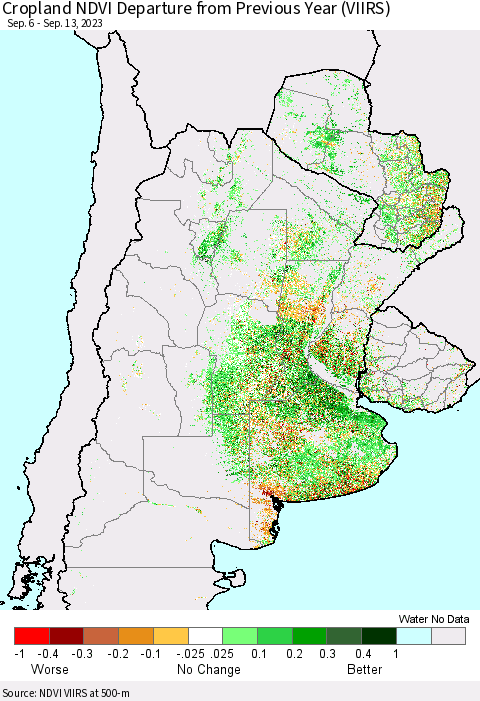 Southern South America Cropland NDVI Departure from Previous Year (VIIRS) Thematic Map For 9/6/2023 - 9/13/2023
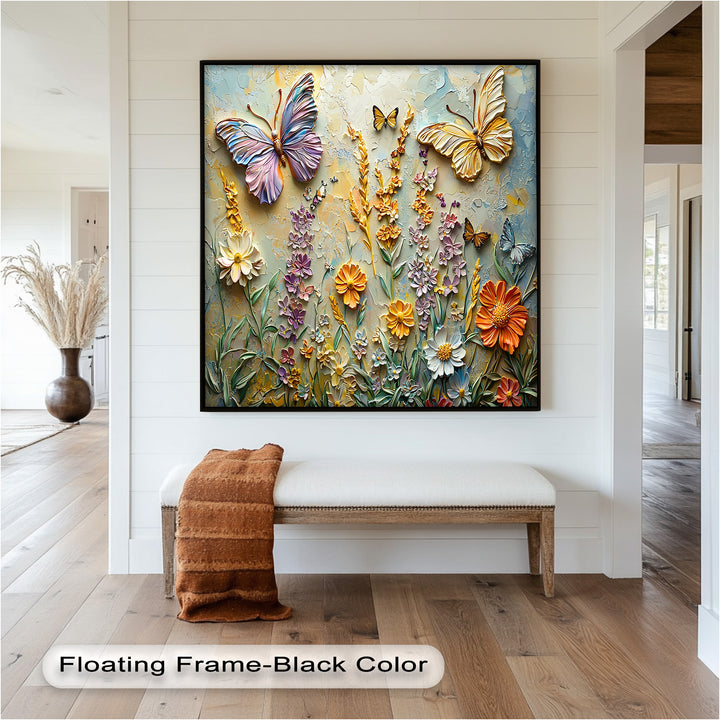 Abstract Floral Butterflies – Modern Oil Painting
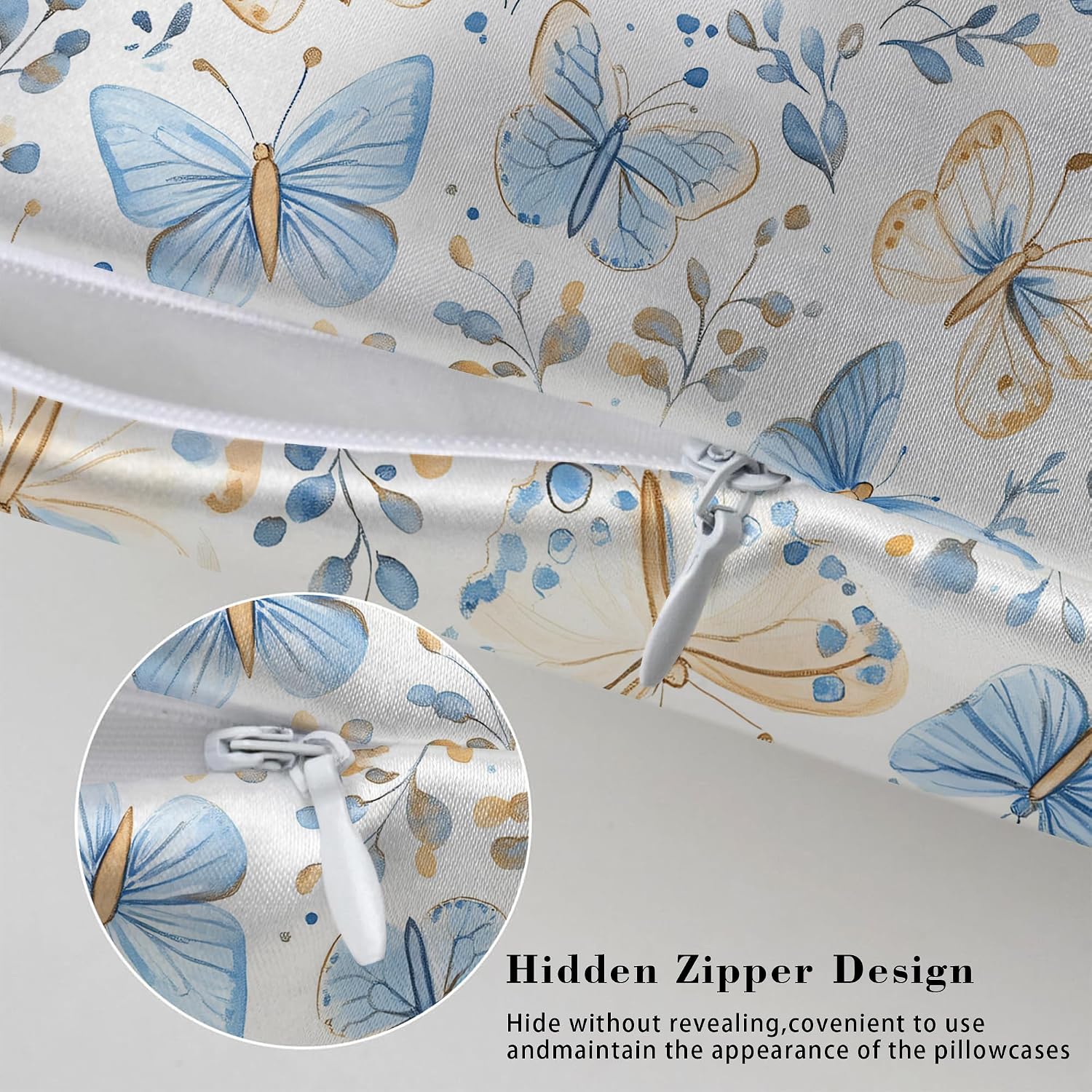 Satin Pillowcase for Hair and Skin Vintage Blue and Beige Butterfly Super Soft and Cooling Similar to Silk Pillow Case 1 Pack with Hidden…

════

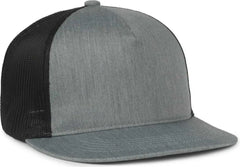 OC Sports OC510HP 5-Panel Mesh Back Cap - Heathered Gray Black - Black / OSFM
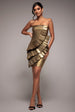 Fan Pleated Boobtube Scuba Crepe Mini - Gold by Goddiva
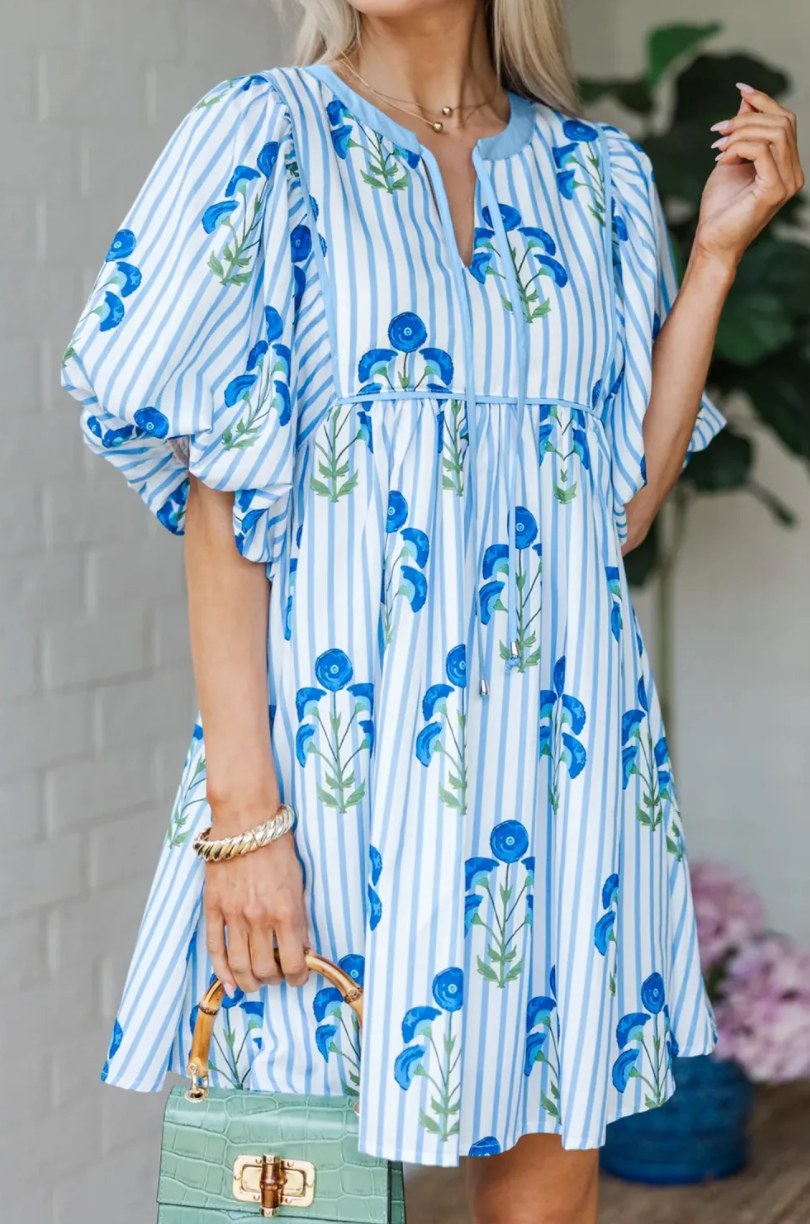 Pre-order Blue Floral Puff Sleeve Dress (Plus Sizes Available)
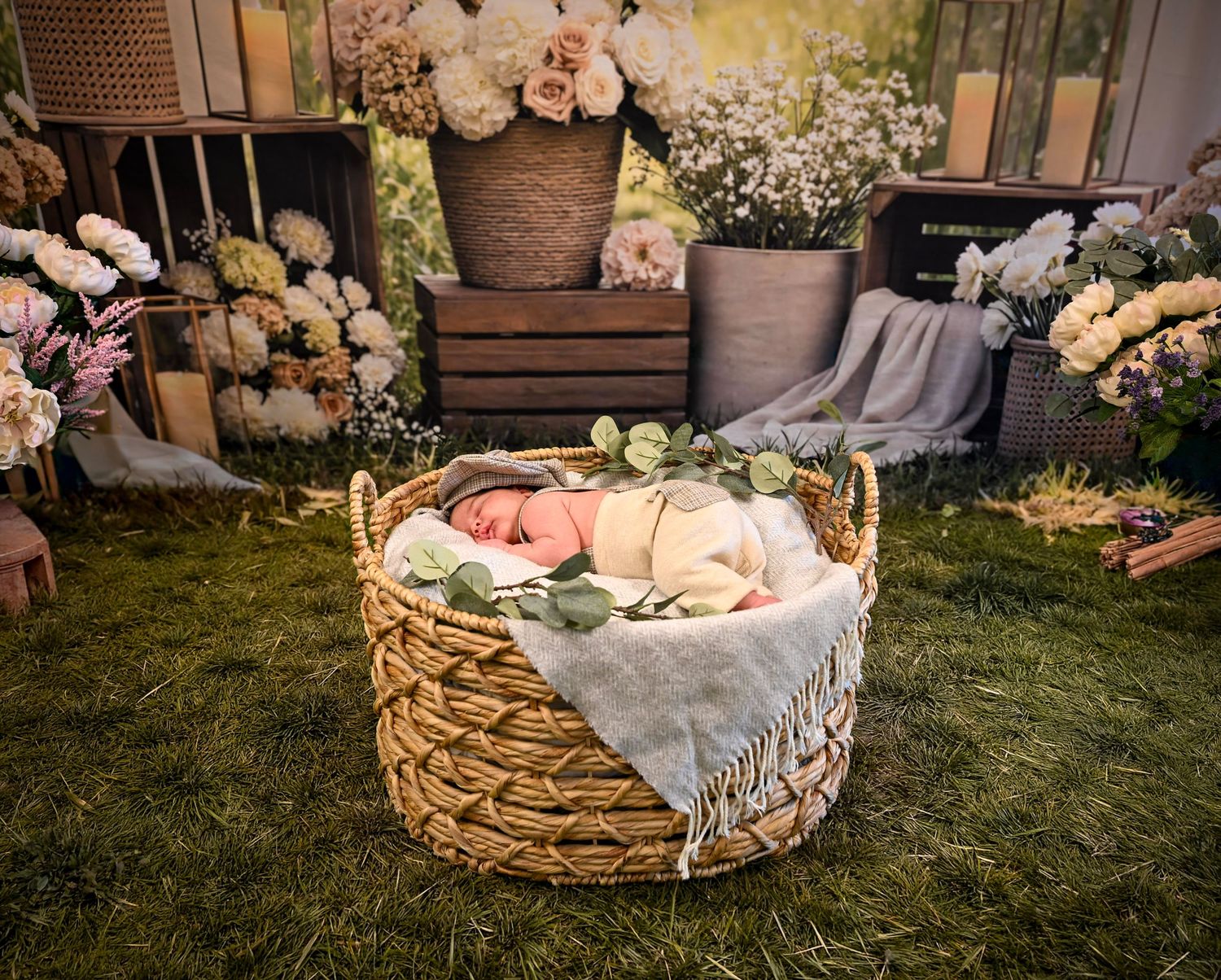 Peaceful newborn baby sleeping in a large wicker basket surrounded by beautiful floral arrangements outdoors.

════

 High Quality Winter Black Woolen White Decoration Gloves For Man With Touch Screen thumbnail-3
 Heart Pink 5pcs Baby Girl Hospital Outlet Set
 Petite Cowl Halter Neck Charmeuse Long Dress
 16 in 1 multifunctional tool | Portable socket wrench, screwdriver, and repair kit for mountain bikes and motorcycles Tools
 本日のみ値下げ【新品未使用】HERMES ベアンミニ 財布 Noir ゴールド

════

▶ _Instructions for the task_:
Pictures excluded, give again exactly and only the lines of the material above from the line with "Southern South America" through the line with "Satin Pillowcase for".

▶ _Solution below_:
 Southern South America Cropland NDVI Departure from Previous Year (VIIRS) Thematic Map For 9/6/2023 - 9/13/2023
 Abstract Floral Butterflies – Modern Oil Painting
 Satin Pillowcase for Hair and Skin Vintage Blue and Beige Butterfly Super Soft and Cooling Similar to Silk Pillow Case 1 Pack with Hidden…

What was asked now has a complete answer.